### Problem statement
Exactly as they appear below, repeat the lines from the one with "item6aa3c5d3e914d.jpg" through the one with "Subaru Impreza bei". Drop every picture.

***** Supplied entries

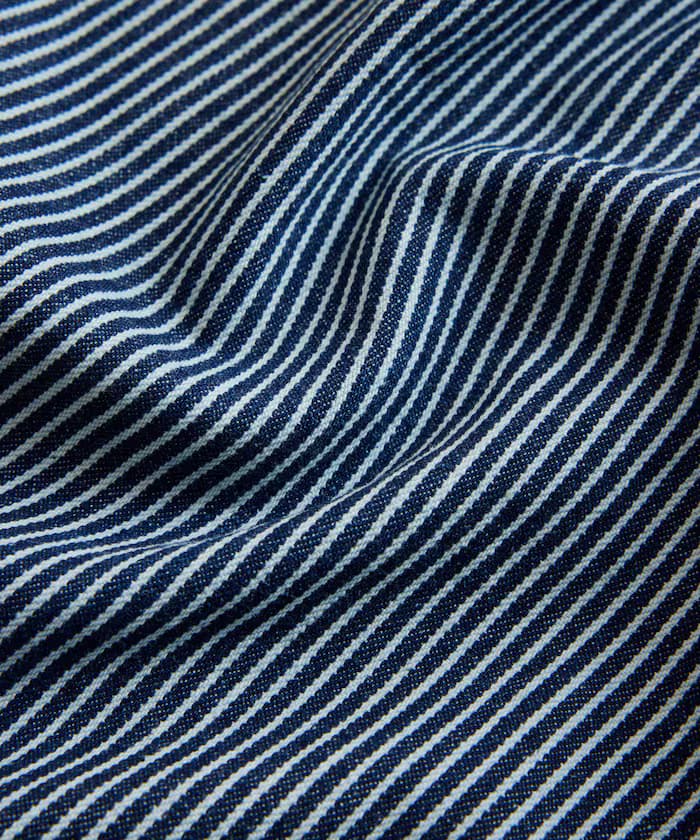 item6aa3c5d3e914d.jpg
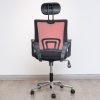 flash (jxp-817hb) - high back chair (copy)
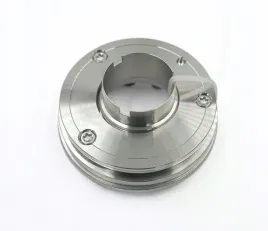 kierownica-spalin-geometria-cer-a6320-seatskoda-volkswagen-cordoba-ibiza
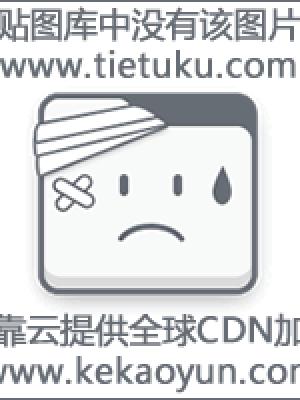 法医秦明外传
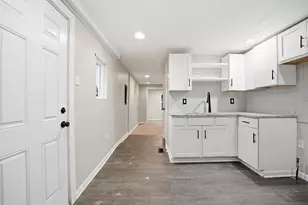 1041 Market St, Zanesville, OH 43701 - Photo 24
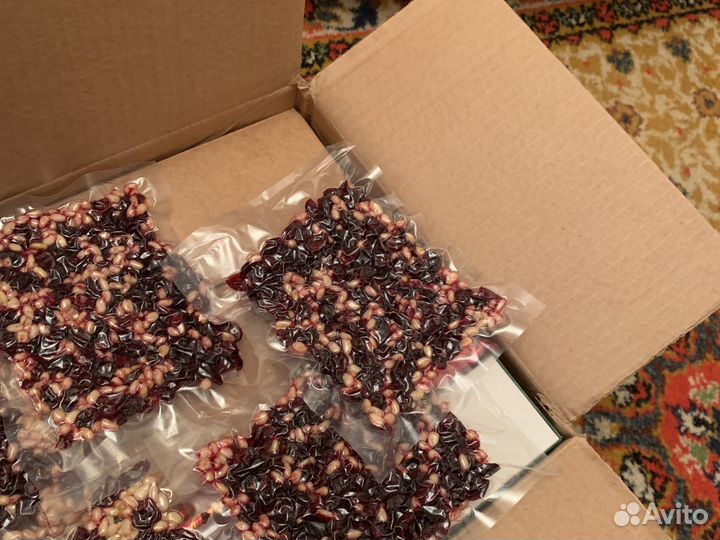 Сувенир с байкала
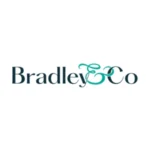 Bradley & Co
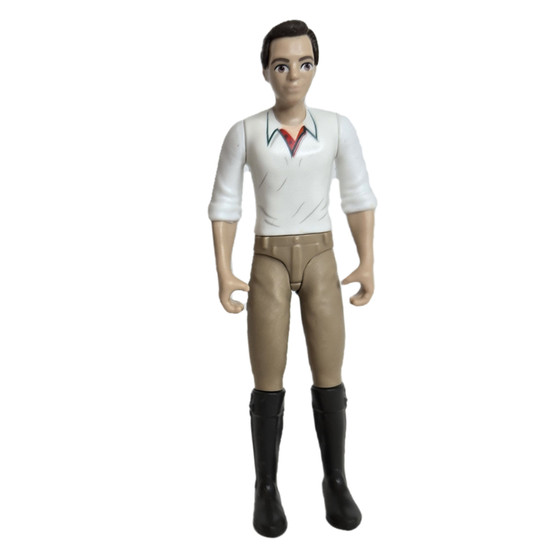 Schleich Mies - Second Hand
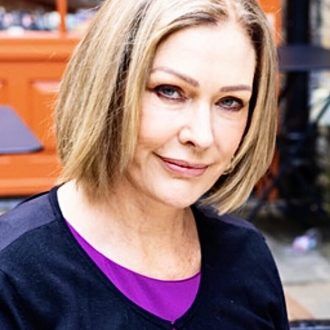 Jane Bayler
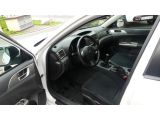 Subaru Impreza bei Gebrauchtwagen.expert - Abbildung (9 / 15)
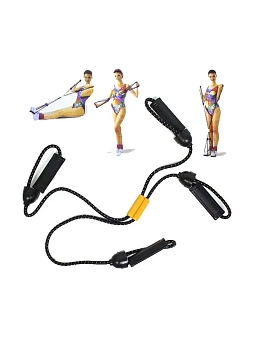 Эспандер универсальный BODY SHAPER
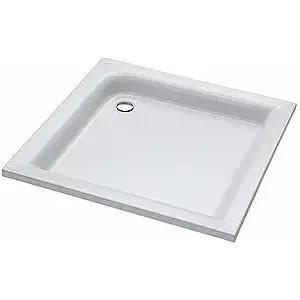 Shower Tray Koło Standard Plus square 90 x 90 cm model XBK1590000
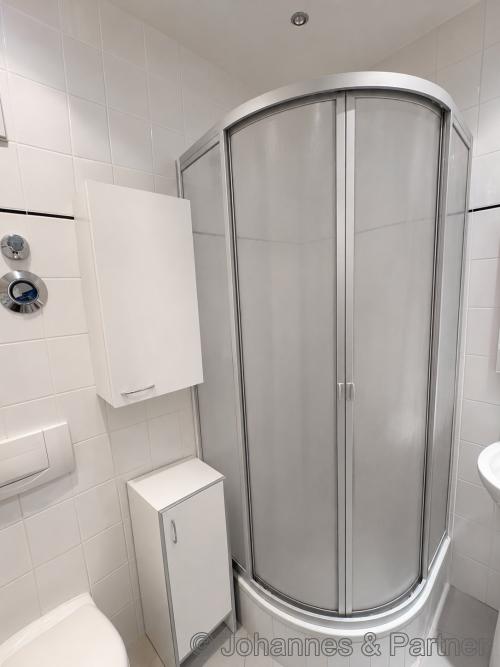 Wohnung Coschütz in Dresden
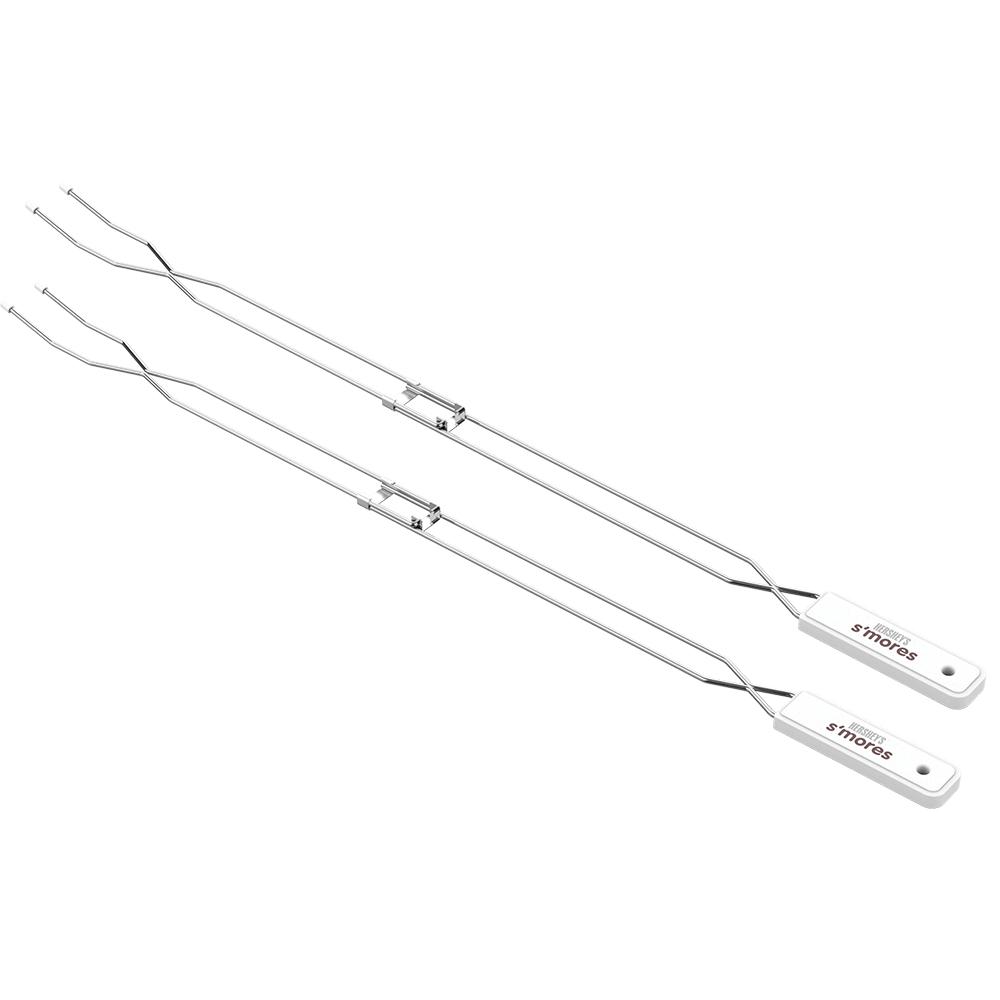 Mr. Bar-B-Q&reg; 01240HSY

**********
***** Supplied entries

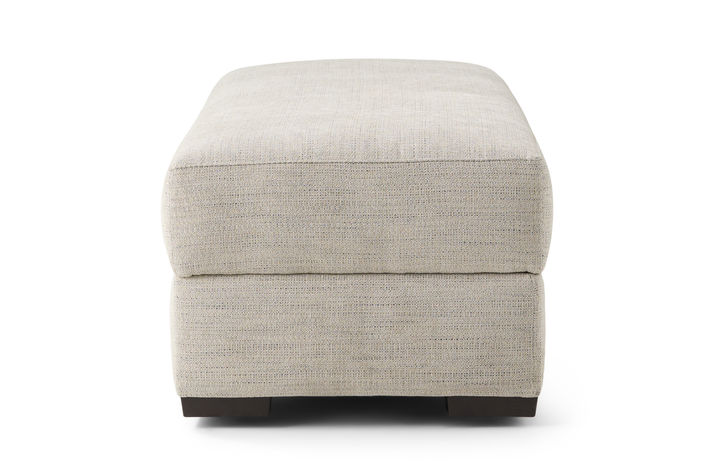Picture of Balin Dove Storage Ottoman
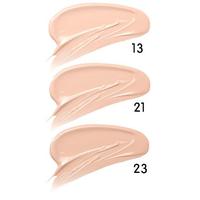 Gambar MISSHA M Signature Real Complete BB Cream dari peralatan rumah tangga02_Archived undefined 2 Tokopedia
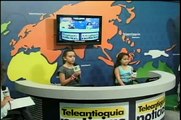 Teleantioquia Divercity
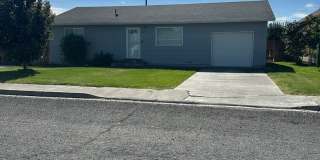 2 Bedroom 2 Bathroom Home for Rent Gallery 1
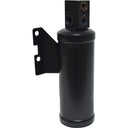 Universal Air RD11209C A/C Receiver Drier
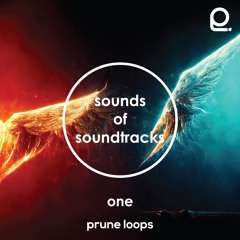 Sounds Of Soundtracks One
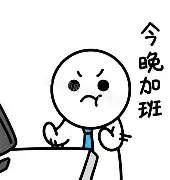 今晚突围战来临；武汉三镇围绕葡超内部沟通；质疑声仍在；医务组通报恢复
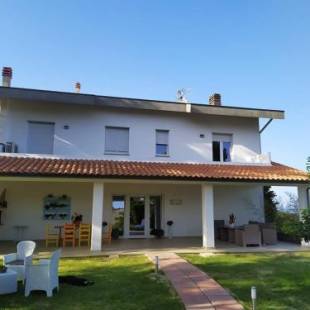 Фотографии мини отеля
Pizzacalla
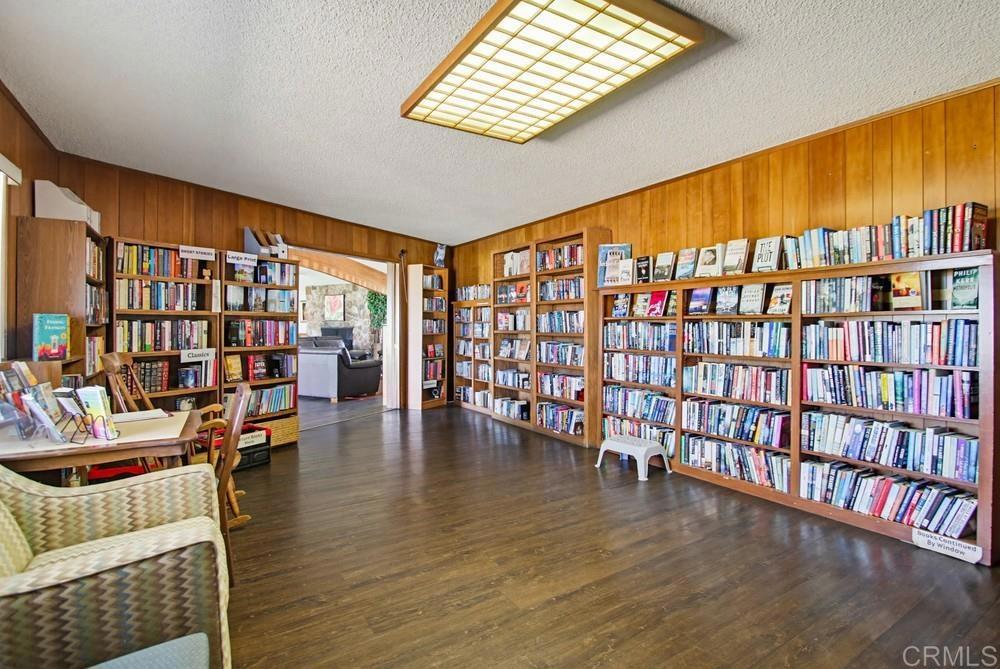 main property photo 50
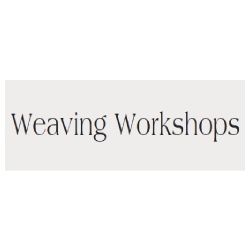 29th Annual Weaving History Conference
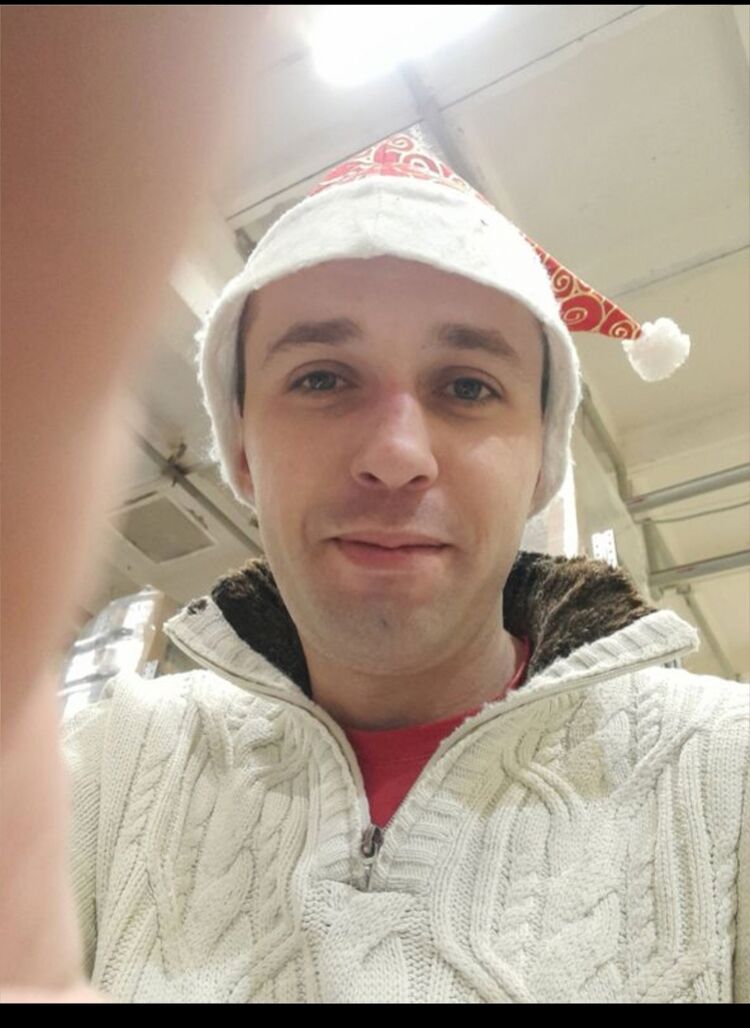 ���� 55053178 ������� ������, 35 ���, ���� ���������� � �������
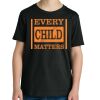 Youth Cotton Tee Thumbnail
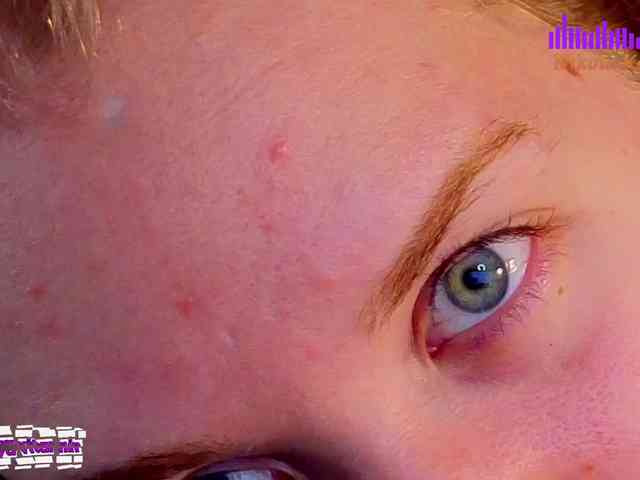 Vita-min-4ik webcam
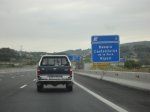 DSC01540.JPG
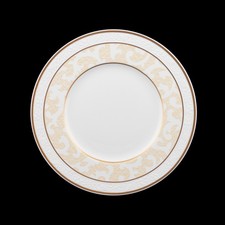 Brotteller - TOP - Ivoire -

**********

### Reply
 item6aa3c5d3e914d.jpg
 flash (jxp-817hb) - high back chair (copy)
 kierownica-spalin-geometria-cer-a6320-seatskoda-volkswagen-cordoba-ibiza
 法医秦明外传
 1041 Market St, Zanesville, OH 43701 - Photo 24
 Сувенир с байкала
 Bradley & Co
 Schleich Mies - Second Hand
 Jane Bayler
 Subaru Impreza bei Gebrauchtwagen.expert - Abbildung (9 / 15)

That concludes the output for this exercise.